If you discovered that you were pregnant when you got the chickenpox vaccine, or if you get pregnant within 1 month after getting the vaccine, contact your doctor or call (800) 986-8999 (toll-free). The vaccine manufacturer (Merck) and CDC maintain a registry for reports of women inadvertently vaccinated prior to or during pregnancy. There is a theoretical risk that when administered one month prior to, or during, pregnancy, the vaccine may cause birth defects similar to those that can occur from natural chickenpox (for example, limb abnormalities including absence or underdevelopment; abnormal brain development; mental retardation; scarring of the skin; eye abnormalities).

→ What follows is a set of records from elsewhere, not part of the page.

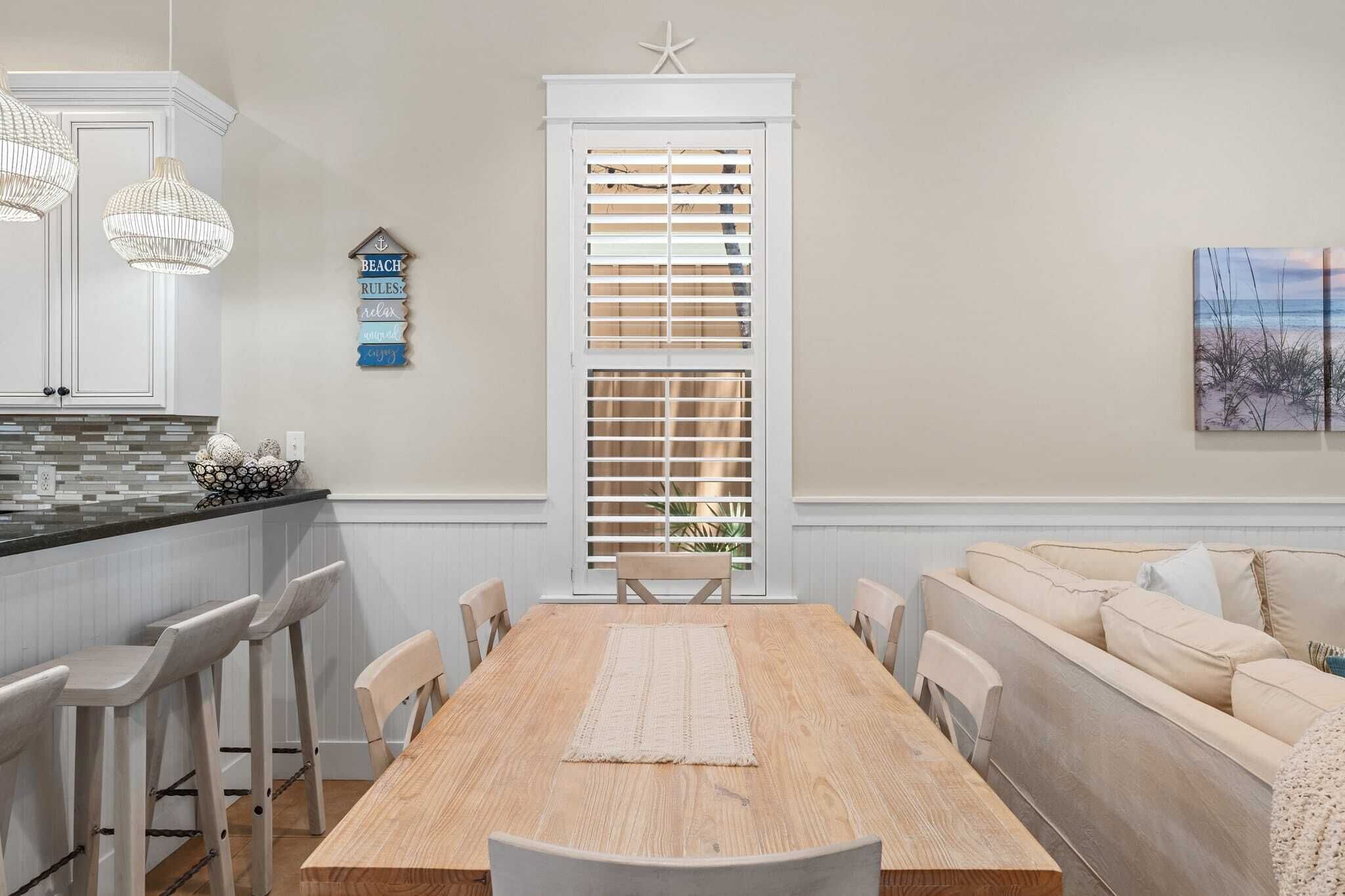 A dining area with a wooden table, white chairs, a beige sofa, and a decorative wall piece.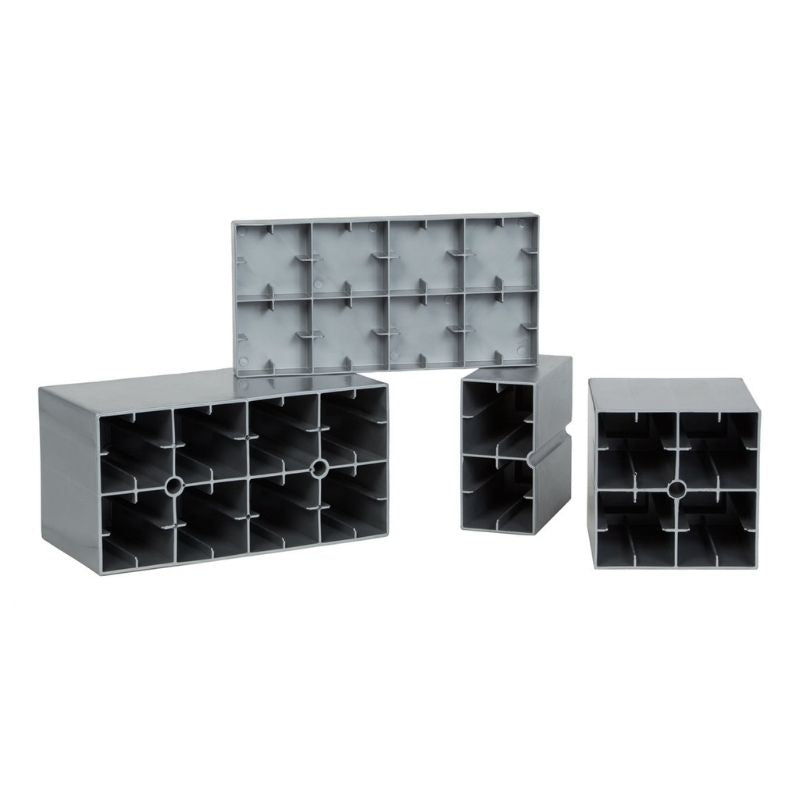 The different giant building block shapes included in the EverBlock Large Starter Kit: full blocks, quarter blocks, a line block and flat caps in white, yellow, blue and light blue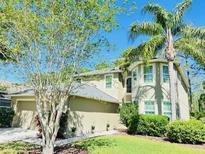 Charming two-story home featuring lush landscaping and a well-maintained lawn at 12127 Luftburrow Ln, Hudson, FL 34669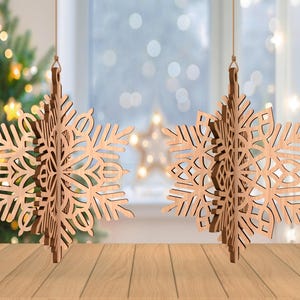 May include: Two wooden snowflake ornaments hanging from strings. The snowflakes have intricate cut-out designs and are made of light-colored wood. A Christmas tree with blurred lights is in the background, along with a window and a wooden surface.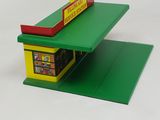 a small green and yellow building with a sign on it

So far, there have been no cases reported to the registry of birth defects in babies born to mothers vaccinated during pregnancy similar to those that can occur from having natural chickenpox during pregnancy.
16. My child was vaccinated 2-3 years ago and he/she developed a mild case of chickenpox this year. Why did this happen?
After vaccination, some persons (about 1 person in 10) do not develop enough protection to completely prevent them from developing chickenpox. When they come into close contact with a person with chickenpox, they may develop a mild case of disease with less than 50 spots or bumps. Compared with a case of chickenpox in an unvaccinated child, they will show very little sign of illness and may miss no school or only 1 or 2 days of school. Children who were vaccinated in their early childhood years may have their first close contact with another child with chickenpox in child care or school settings several years after vaccination. This is why they may come down with mild chickenpox several years after they were vaccinated. This form of chickenpox is also called breakthrough disease.
17. Can a vaccinated person who develops a mild case of chickenpox still spread the disease?
Yes. Vaccinated persons who get this milder form of chickenpox may still spread the disease to others who are not protected. Therefore, these individuals should stay at home until the blisters have formed scabs or if there are no blisters present, until no new spots or bumps are forming.
18. If a person who has never had chickenpox or the vaccine comes into close contact with someone with chickenpox, could receiving the vaccine now prevent this person from getting chickenpox?
Yes, varicella vaccination may prevent or modify chickenpox if administered up to 3 days, and possibly 5 days, after a close exposure. Anyone who comes into close contact with a person with chickenpox and has not had chickenpox or the vaccine, should contact their health care provider for vaccination.
19. There have been lots of cases of chickenpox at my child’s school over the past month. Is it too late to have my child vaccinated?
No, it is not too late to vaccinate your child if she/he has not previously had chickenpox or the vaccine. In schools and child care centers, it may take many months for chickenpox to spread to every classroom. At any stage of an outbreak, all susceptible children and adults should be vaccinated.
20. How long does the vaccine protect someone against chickenpox? Will a booster vaccination be needed?
The length of protection/immunity from any new vaccine is never known when it is first introduced. However, available information collected from persons vaccinated in Japan in the United States show that protection has lasted for as long as the vaccinated persons have been followed (25 years in Japan and more than 10 years in the U.S.). Follow up studies to determine how long protection will last and to evaluate the need and timing for booster vaccination, are ongoing. If it is determined in the future that a booster dose is necessary, your health care provider will inform you. Currently, no booster dose is recommended.
21. Have cases of chickenpox declined in the United States since chickenpox vaccine became available?
Yes, cases have declined dramatically. Since 1995, CDC , in collaboration with Los Angeles County, Texas and Philadelphia health departments, has been monitoring chickenpox cases in these 3 areas in the United States. As use of the vaccine has increased, chickenpox cases have declined substantially.